INCREASING SCHOOL COMPLETION RATES
One place to start is increasing high school and college completion rates. According to the New Jersey Department of Education, the state average high school graduation rate is 85%. However, graduation rates are far lower in several large urban school districts, including Camden (70%), Newark (73%), and Atlantic City (76%).33
Graduation rates from state colleges and universities also vary widely. While 73% of College of New Jersey students and 54% of Rutgers University students graduate within four years, less than a tenth of students complete their degrees in that time frame at New Jersey City University, and less than a fifth graduate in four years at Kean University or William Paterson University. At community colleges, the overall completion rate for students seeking an associate’s degree is less than one in five after three years of enrollment. And, thousands of students who did not finish their postsecondary education need assistance to complete their course work in class or online.34
RECOMMENDATION
Make greater efforts to increase high school and college completion rates in order to prepare young people for good jobs in the 21st-century economy.

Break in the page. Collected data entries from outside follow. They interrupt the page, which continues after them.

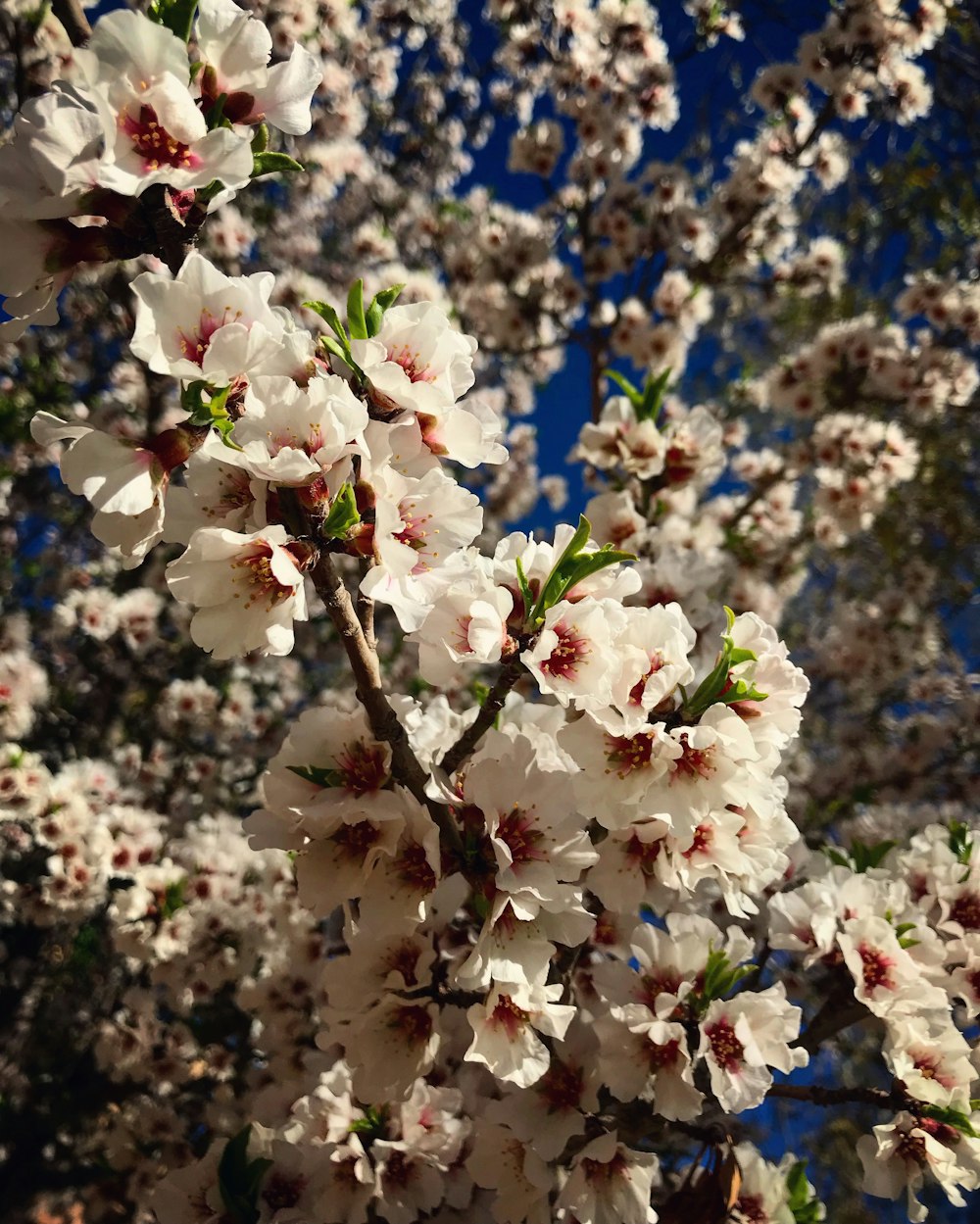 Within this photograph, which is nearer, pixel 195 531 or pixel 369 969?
pixel 195 531

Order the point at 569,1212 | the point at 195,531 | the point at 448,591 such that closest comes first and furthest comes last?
the point at 195,531, the point at 448,591, the point at 569,1212

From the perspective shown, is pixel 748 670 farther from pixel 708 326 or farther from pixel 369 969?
pixel 708 326

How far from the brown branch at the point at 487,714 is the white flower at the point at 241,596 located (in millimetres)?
331

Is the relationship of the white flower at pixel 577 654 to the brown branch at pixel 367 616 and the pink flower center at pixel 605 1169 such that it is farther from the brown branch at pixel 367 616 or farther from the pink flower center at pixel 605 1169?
the pink flower center at pixel 605 1169

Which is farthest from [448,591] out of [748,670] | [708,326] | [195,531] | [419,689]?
[708,326]

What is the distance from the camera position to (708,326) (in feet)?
29.5

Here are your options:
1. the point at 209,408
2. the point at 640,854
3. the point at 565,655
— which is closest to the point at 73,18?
the point at 209,408

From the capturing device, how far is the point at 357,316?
3.71ft

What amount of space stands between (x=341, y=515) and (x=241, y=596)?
18 centimetres

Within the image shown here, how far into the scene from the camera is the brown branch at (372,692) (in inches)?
41.6

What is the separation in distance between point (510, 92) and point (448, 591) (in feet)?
26.8

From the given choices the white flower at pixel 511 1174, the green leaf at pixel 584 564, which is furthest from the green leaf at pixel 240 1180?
the green leaf at pixel 584 564

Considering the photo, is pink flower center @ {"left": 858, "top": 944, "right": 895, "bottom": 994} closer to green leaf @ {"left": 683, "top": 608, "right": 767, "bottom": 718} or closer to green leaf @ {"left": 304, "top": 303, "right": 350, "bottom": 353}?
green leaf @ {"left": 683, "top": 608, "right": 767, "bottom": 718}

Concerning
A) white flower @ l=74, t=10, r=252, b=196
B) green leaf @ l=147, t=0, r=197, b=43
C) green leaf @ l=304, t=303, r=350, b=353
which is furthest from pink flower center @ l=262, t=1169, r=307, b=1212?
green leaf @ l=147, t=0, r=197, b=43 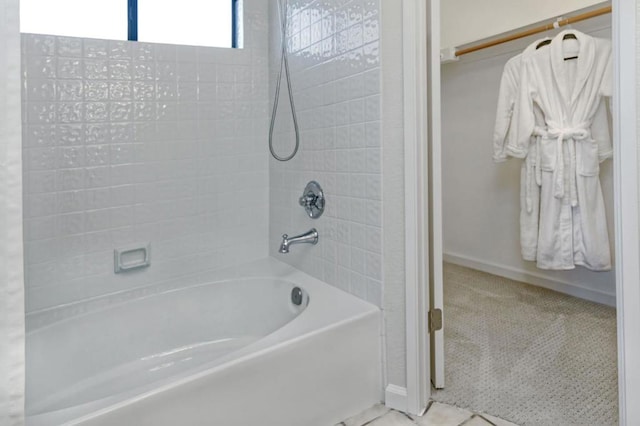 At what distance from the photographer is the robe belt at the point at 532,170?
2.59 metres

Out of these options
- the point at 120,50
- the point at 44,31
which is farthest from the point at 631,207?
the point at 44,31

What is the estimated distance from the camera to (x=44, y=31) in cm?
181

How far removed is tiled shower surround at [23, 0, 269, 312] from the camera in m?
1.78

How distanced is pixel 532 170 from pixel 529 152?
0.12m

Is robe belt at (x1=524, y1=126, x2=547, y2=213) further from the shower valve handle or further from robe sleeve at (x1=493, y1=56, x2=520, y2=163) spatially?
the shower valve handle

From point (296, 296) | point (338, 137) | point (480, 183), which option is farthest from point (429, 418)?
point (480, 183)

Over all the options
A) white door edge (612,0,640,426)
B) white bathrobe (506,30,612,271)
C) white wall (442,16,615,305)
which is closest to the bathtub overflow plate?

Completing degrees in a timely manner is good for students because it helps lower their debt burden, and it is good for New Jersey’s economy. Completion rates have increased dramatically in several states where higher education institutions focus on such structural changes as making remedial education more available and providing additional guidance for students throughout their college careers.35
Expand state financial aid eligibility to undocumented students.
Undocumented young people face additional challenges in their pursuit of college and careers. Laudable policy changes have enabled undocumented students to pay in-state tuition at New Jersey’s public colleges and universities. But too many are still kept from success because they are prohibited from receiving state or federal financial aid. Eight states allow aid for undocumented students, helping them contribute productively to their communities’ economic well-being.
WORKFORCE DEVELOPMENT
Public workforce development efforts, funded primarily by the federal government and administered at the state and local levels, are crucial for unemployed job seekers, many of whom lack postsecondary education credentials. These efforts help people achieve basic literacy and math skills, and provide skills training and postsecondary education that lead to industry-recognized credentials in occupations ranging from auto mechanics to robotic machine technicians.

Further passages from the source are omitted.